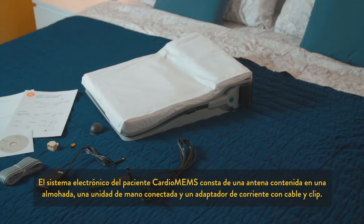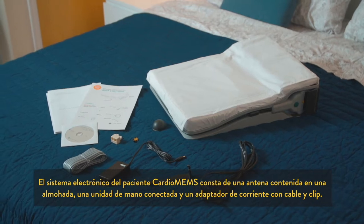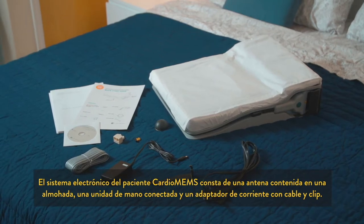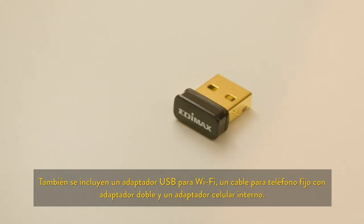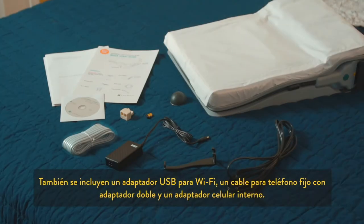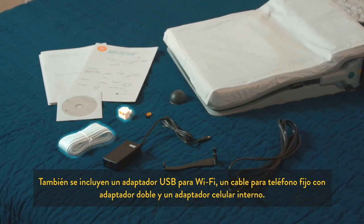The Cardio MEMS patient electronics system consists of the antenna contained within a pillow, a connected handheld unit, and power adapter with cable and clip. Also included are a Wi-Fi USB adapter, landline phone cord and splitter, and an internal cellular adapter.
---
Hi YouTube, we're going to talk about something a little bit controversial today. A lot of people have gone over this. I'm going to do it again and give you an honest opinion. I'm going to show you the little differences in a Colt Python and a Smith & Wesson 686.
==
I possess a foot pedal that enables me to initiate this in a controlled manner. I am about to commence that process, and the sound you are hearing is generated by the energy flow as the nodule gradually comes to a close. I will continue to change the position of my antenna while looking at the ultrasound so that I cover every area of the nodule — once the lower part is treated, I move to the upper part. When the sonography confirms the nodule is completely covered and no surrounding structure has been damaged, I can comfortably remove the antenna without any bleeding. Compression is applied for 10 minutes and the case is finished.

**ACTIVITY:** Go through the records and tally the lines that include "this". Write only the number.

**RESULT OF THE TASK:** 2